Apocalyptic Literature for Suburban Christians (Part 1)

Soccer games. Groceries. Working 70 hours a week. Trying to exercise and keep our houses in order. Driving children to endless activities. These are the concerns and rhythms for many of us in suburbia. The glories that grab our hearts are healthy children who do well in school, careers that are satisfying, and, somehow, accomplishing our goals and dreams and hobbies.

So, what might the strange visions of Daniel 7 have to say to us? How can a chapter of apocalyptic writing with images of beasts and talking horns and a fiery throne speak into our situation?

I think it has much to say. Daniel 7 pulls the curtains of our suburban concerns aside and helps to see both a troubling fact and a glorious hope. The troubling fact sobers us to beastly nature of our own hearts, and the glorious hope helps us find our joy in One who transcends us and all our immediate cares. In this post we’ll only have time to consider the troubling fact.

A Troubling Fact

There is a troubling fact presented to us in Daniel 7. Sometimes you hear the adage that people are basically good. But the message of the Scripture and Daniel 7 tell a different story. There is something fundamentally wrong with all of us, something that is dark and disturbing and displeasing to God. This ‘something’ comes out in the nations of the world.

Daniel 7 portrays this through visionary imagery. The chapter is apocalyptic in nature, which means vivid images laden with symbolism meant to convey a message. The scene opens with 4 terrifying beasts. There is a lion with eagle’s wings, a bear with three ribs in its mouth, a leopard with four heads, and a creature with iron teeth and ten horns (Daniel 7:1-8). These beasts are ugly and frightening. They also represent different nations (Daniel 7:17).

Old Testament commentator Tremper Longman argues that what we have here is a picture of the different nations of the world throughout history. One comes after another, and all are beastly in nature. There is a grotesqueness to the images, and we are meant to be repulsed.

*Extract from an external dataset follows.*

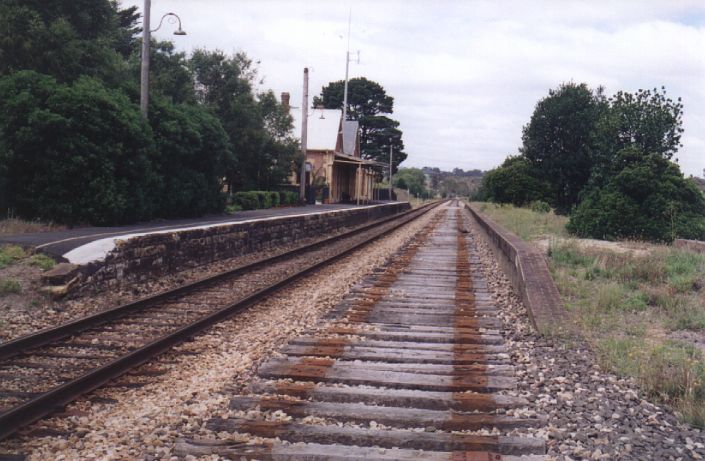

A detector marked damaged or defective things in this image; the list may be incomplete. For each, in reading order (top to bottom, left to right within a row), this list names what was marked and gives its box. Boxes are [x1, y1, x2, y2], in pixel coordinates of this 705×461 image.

rusty rail track [0, 200, 440, 438]
rusty rail track [177, 203, 552, 460]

All we have to do is look in history to see the truth of this troubling fact. We see the beastly nature of the world’s nations in more extreme examples like Hitler’s gas chambers, Stalin’s Gulags, and Pol Pot’s Killing Fields. But we also see the beastly nature in less extreme examples like greed, pride, selfishness and systems that oppress the poor. There is beastliness in every nation.

This is because every nation is made up of individuals with beastly hearts. Not only do all nations have perverts, pedophiles, murders, rapists, serial killers, but all have liars, mean bosses, and men and women and children who covet and give in to jealousy. All nations have dishonest employees, impatient parents, disobedient children and hypocrites of every kind. There is not a non-beastly nation in all of history, because there is no perfectly non-beastly individual in history—except for Jesus Christ (Heb 4:15). All of us have fallen away from God’s design, and have become corrupted (Romans 3). We need to be remade and renewed to desire good and pursue what is good.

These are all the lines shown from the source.